This is the nub of the problem, and the core of the video’s critique of the pack journalism that accepts unthinkingly that the settlements are “absolutely” the problem, as CNN’s Michael Holmes confidently asserts in the video. On one level, the position contains within it a “humanitarian racism,” in which there are no expectations whatever of a democratic Palestinian state, despite the U.N.’s wording of the goal of Resolution 2334: “two democratic states living side by side in peace.” Israel gets constantly accused of racism and apartheid for not treating its (often hostile) 20% Arab minority equally, but “everyone agrees” that a future Palestinian state will necessitate ethnically cleansing Jews (uproot 650,000 settlers, as P.L.O. official Abbas Zaki casually explains in the video) so that Palestinian “democracy” can be Judenrein. On another level, as I try to make clear, “occupation” and “settlements” mean radically different things to the Western journalists and NGO workers, who think the words mean “just” the West Bank (but of course every last inch of it), compared to the triumphalist Palestinians for whom every grain of sand must be under Muslim rule, including “occupied” Tel Aviv and Haifa.
At one point in the video, in response to a comment by Israeli spokesman David Keyes, CNN’s Hala Gorani dismissively responds, “I get that you think it’s all the Palestinians fault”— something she’d never say to P.A. spokesperson Hanan Ashrawi, who’s always blaming Israel for everything. It’s a telling reaction on Gorani’s part, and, meant to distract from the possibility that Keyes was right, and that it is, largely, Palestinian irredentism that’s the core of the conflict. One of the more destructive memes of the Western academic and media elite is “don’t blame the victim.” And I agree, it’s important not to blame innocent victims; but it’s equally important not to lump the real victims (Palestinian commoners, to use the medieval term) along with their victimizers (in this case the Palestinian elite who take the money and immiserate their people in order to get Western sympathy). Abbas’ $50+ million private jet is only the latest avatar of a pattern that Arafat established from the start. One of the great tragedies of the Palestinian people is that their public culture is so allergic to self-criticism, and so they blame everyone but themselves for their misery. Hence, they’ve received 10 times as much aid per-capita than the Germans or Japanese after World War II, and they’re still miserable and poor, while their leaders are rich and irredentist.

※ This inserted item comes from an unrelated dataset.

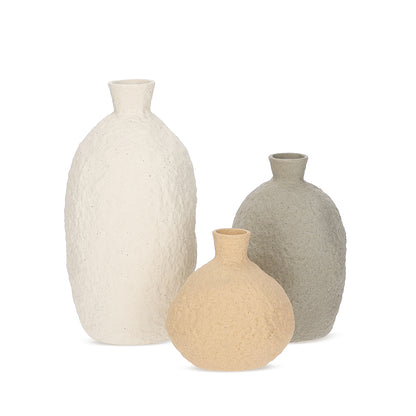 Vaso Decorativo em Cerâmica Colorida para Ambientes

What’s overlooked in the regular finger-pointing efforts to assign responsibility for the perpetuation of the conflict, in fact, is the role played not by Israelis and Palestinians, but by lethal journalism media, the “Human Rights” NGOs (humanitarian racists obsessed with white guilt) and the “left” (post-colonial, crypto-Marxist ideologues). They’re the ones who repeat and amplify the war propaganda of the ugliest, most uncompromising elements of Palestinian society, assuming that they’re speaking for “the people.” They’re the ones who, by never criticizing the Palestinians and by encouraging them to blame Israel, contribute to their arrested development. Why should Palestinians ever make any compromises when the Western elite support their quest to have everything—every inch, whether up to the Green Line (now), or from the river and the sea (later)?
With that said, what mistakes or blame do you attribute to the Israelis?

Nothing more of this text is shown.